In our International Energy Outlook 2023 (IEO2023), we project natural gas consumption to more than triple in India by 2050. We project annual growth of 4.4% over that period, more than twice the 2.0% annual growth rate of natural gas consumption in China, the next-fastest-growing country.

We project that India’s industrial sector—in particular, ammonia production intended to decrease fertilizer imports—as well as a growing oil refining sector will drive most of the growth in natural gas consumption over the projection period. This growth in demand will require more significant increases in India's domestic natural gas supply and imports than in recent years. According to the International Energy Agency, India’s domestic natural gas production increased 2.4% annually on average between 2019 and 2022 as imports declined 1.5% annually.
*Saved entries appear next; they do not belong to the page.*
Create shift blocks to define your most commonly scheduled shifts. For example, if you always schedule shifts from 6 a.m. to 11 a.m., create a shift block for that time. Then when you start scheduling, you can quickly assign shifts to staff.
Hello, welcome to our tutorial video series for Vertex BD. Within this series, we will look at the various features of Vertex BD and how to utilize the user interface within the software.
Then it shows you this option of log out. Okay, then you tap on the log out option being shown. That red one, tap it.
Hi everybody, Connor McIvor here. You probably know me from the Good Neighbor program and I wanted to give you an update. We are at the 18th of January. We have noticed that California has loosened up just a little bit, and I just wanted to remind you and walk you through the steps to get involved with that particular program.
In 2022, 7.0 billion cubic feet per day (Bcf/d) of natural gas was consumed across the residential, commercial, industrial, transportation, and electric power sectors. In 2022, the industrial sector accounted for more than 70% of total consumption, followed by the electric power sector at 17%. By 2050, we project natural gas consumption to rise in India to 23.2 Bcf/d. Among India’s five consuming sectors, we project the industrial sector’s share of natural gas consumption will grow the most, rising to 80% of total consumption, followed by the transportation sector rising to 10%.
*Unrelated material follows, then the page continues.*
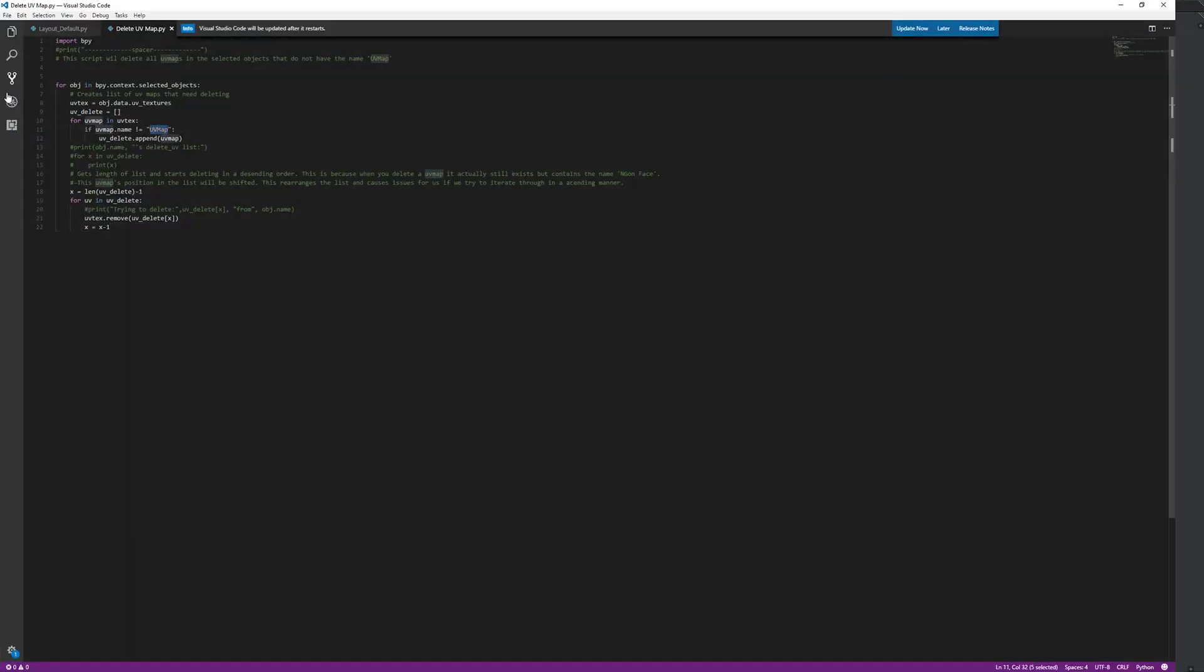you just come into the script and you could change this where it says UV map. You could replace that with whatever you want to keep. So that's how the script works.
In 2022, about half of the natural gas consumption in India’s industrial sector was used to produce basic chemicals, mostly ammonia for fertilizer. The Indian government’s stated policy to develop self-sufficiency in the production of urea, a nitrogenous fertilizer produced from ammonia, drives much of our projected increase in natural gas demand. Natural gas is a key input for urea production.
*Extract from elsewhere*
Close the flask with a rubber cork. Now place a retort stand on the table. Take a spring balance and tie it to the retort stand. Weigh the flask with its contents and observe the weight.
We also expect natural gas consumption in oil refining to grow significantly to keep up with India’s domestic demand for refined oil products. Between 2022 and 2050, we project that natural gas consumption will grow by more than 250% for the production of basic chemicals and by more than 400% for refining. We expect the two industries together to account for approximately 79% of India’s industrial natural gas demand in 2050.

We project that both India’s domestic natural gas production and natural gas imports will help meet the growth in consumption of natural gas in India. We project domestic natural gas production to nearly triple in India from 3.3 Bcf/d in 2022 to 9.1 Bcf/d in 2050, a 3.7% average annual increase. We expect India’s net natural gas imports to grow even faster than domestic production, increasing from 3.6 Bcf/d in 2022 to 13.7 Bcf/d in 2050, a 4.9% average annual increase.

annual natural gas domestic production and net imports in India
Data source: U.S. Energy Information Administration, International Energy Outlook 2023 (IEO2023)
Note: LNG=liquefied natural gas.

India’s geography heavily affects access to both its natural resources and to its natural gas imports. India does not import natural gas via pipeline, partially due to the deserts and mountains forming much of its northern border. As a result, domestic production and liquefied natural gas (LNG) imports remain the primary sources of India’s natural gas supply. Most domestic production in India, about two-thirds in 2019, is from offshore production fields. India uses a complex pipeline infrastructure to link offshore natural gas production and LNG imports that arrive at coastal import terminals to the rest of the country. Because LNG and domestic production share similar geographical constraints, our projected split of India’s natural gas supply coming from net imports and domestic production is heavily affected by the cost and availability of the two supply options.